Further, the Tribunal did not accept that the applicant had genuine fears of persecution as he failed to raise his fears or a protection visa with any of the six or seven migration agents he claimed to have visited. The relevant parts of [76] are as follows:
The Tribunal does not accept that if the applicant had any genuine fears of persecution or there was any real risk that he would suffer significant harm if he returned to India at that time that he would not have raised this with the six or seven agents he claims to have consulted. That no action was taken for almost six years after the applicant became an unlawful noncitizen indicates the claims made by the applicant are not plausible or genuine. This is particularly so when the claim is that he is in a genuine relationship with Ms Kaur and that Ms Kaur remains living with her family in India and the applicant would not be in a position to sponsor her or assist Ms Kaur in leaving India and being with him.
The Tribunal did not accept that the applicant had been threatened by his claimed girlfriend’s parents, brother, or extended family, or that he had ever been assaulted or suffered harm due to his claimed relationship. The Tribunal further did not accept that the applicant would face any persecution or that there was a real risk that he would suffer significant harm for any reason if he were to return to India.
As a result, the Tribunal found that the applicant was not a person who was owed protection by Australia under s 36(2)(a) of the Act.
The Tribunal, having found it was not satisfied the Applicant was a person in respect of whom Australia had protection obligations under s 36(2)(a) of the Act, went on to consider and determine that it was also not satisfied the applicant was a person to whom Australia owed complementary protection obligations under s 36(2)(aa) of the Act.
The Tribunal affirmed the decision not to grant the applicant’s protection visa.
APPLICATION FOR REVIEW
On 31 January 2020, the applicant filed an application in this Court seeking judicial review of the Tribunal’s decision dated 7 January 2020. The application contains two (2) grounds of review, both containing several particulars.

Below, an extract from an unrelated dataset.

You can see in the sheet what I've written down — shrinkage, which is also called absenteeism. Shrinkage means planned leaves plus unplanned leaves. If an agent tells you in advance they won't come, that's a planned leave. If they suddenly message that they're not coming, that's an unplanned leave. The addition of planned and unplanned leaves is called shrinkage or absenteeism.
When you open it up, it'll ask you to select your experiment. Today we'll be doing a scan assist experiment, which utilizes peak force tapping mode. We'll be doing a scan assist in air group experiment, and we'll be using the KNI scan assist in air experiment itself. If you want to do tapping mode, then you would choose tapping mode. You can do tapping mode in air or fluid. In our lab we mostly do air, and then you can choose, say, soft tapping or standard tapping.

They are (as written):
1.The Second Respondent's decision was affected by jurisdictional error in that the applicant was denied procedural fairness under s359 of the Migration Act 1958 and failed to consider relevant considerations.
Particulars
a.The Applicant matter was remitted to the Second Respondent and the Tribunal decided to invite the Applicant to a hearing on 18 December 2019. As there was no consistency in processing time of the review applications, there was no way that the Applicant knew of the likely time frame to have a hearing allocated by the Second Respondent ("Tribunal").

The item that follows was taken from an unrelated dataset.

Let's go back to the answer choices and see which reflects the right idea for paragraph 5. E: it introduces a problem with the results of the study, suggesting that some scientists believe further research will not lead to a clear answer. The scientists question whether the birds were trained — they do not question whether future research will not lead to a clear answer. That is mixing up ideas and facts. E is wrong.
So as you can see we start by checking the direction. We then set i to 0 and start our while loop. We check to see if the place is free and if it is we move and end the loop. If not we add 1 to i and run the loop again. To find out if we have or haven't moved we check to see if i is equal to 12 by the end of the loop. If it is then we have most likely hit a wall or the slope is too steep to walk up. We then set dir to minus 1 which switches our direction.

b.The Applicant submitted his circumstances before the Tribunal, however the tribunal failed to consider the circumstances and the significant threat to his life and proceeded to make a decision without providing the Applicant another chance for submitting further evidence.
c.The tribunal in many paragraphs pointed out inconsistencies in the claims made by the applicant but failed to provide the opportunity to provide evidence to substantiate his claims.
2.The Second Respondent made jurisdictional error under s361 (3) of the Migration Act 1958 in that it failed to provide the Applicant a chance to provide further evidence and failed to have regard to the significant threat to his life.
On 12 June 2025, a Registrar of this Court made an Order for both the applicant and first respondent to file an amended application (if applicable), written submissions and any further evidence in respect to the hearing. The applicant did not file any documents in accordance with this Order. The first respondent filed their written submissions as required by the Order.
On 11 July 2025, the proceedings were docketed to me and set down before me for final hearing on 28 August 2025.
HEARING ON 28 AUGUST 2025
At the hearing of this matter on 28 August 2025, the applicant appeared unrepresented and was assisted by a Mandarin interpreter. Mr C Wang of Clayton Utz appeared for the first respondent.
This Court has duties to take appropriate steps to ensure that unrepresented applicants have sufficient information about practice and procedure of the court they are appearing in, so far as is reasonably practicable, for the purpose of ensuring a fair trial: see generally SZRUR v Minister for Immigration and Border Protection [2013] FCAFC 146; (2013) 216 FCR 445 (SZRUR) at [37] (Robertson J, with Allsop CJ and Mortimer J agreeing) and BSQ17 v Minister for Immigration and Citizenship [2025] FCA 943 Hill J.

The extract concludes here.